Aim of the task: Working down the material below, reproduce exactly every line from the one containing "母丁香的功效与作用点(母丁香的功效与作用) 母丁香的功效" to the last line, and only those.

.....

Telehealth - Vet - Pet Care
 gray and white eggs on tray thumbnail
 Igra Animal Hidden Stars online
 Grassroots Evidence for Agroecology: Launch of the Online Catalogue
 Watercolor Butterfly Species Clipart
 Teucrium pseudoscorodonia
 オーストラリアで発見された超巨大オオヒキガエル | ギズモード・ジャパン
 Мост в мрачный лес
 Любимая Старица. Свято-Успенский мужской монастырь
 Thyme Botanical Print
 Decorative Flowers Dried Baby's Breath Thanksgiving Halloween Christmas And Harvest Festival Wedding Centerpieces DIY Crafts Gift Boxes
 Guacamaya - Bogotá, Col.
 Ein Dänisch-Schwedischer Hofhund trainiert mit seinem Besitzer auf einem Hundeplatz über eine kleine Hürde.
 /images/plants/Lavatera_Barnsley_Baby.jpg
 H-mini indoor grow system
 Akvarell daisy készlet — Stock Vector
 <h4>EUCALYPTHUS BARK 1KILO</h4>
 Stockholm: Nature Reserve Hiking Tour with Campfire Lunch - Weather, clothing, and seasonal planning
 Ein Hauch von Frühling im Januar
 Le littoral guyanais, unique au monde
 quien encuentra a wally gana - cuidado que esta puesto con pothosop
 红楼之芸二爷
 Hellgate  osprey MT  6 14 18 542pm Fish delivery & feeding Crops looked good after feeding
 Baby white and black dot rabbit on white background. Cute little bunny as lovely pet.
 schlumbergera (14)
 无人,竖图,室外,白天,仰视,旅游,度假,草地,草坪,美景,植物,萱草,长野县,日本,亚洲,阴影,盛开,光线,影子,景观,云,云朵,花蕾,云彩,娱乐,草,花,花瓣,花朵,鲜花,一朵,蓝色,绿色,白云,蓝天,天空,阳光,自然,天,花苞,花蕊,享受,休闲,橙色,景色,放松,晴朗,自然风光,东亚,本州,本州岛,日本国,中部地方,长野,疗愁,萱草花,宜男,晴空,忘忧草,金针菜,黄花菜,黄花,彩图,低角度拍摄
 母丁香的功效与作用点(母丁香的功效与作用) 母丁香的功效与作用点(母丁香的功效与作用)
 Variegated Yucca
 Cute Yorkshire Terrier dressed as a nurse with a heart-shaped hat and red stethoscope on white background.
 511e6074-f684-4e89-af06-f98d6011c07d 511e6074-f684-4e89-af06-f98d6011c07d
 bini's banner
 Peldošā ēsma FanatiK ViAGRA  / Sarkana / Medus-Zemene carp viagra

.....

Written answer:
 母丁香的功效与作用点(母丁香的功效与作用) 母丁香的功效与作用点(母丁香的功效与作用)
 Variegated Yucca
 Cute Yorkshire Terrier dressed as a nurse with a heart-shaped hat and red stethoscope on white background.
 511e6074-f684-4e89-af06-f98d6011c07d 511e6074-f684-4e89-af06-f98d6011c07d
 bini's banner
 Peldošā ēsma FanatiK ViAGRA  / Sarkana / Medus-Zemene carp viagra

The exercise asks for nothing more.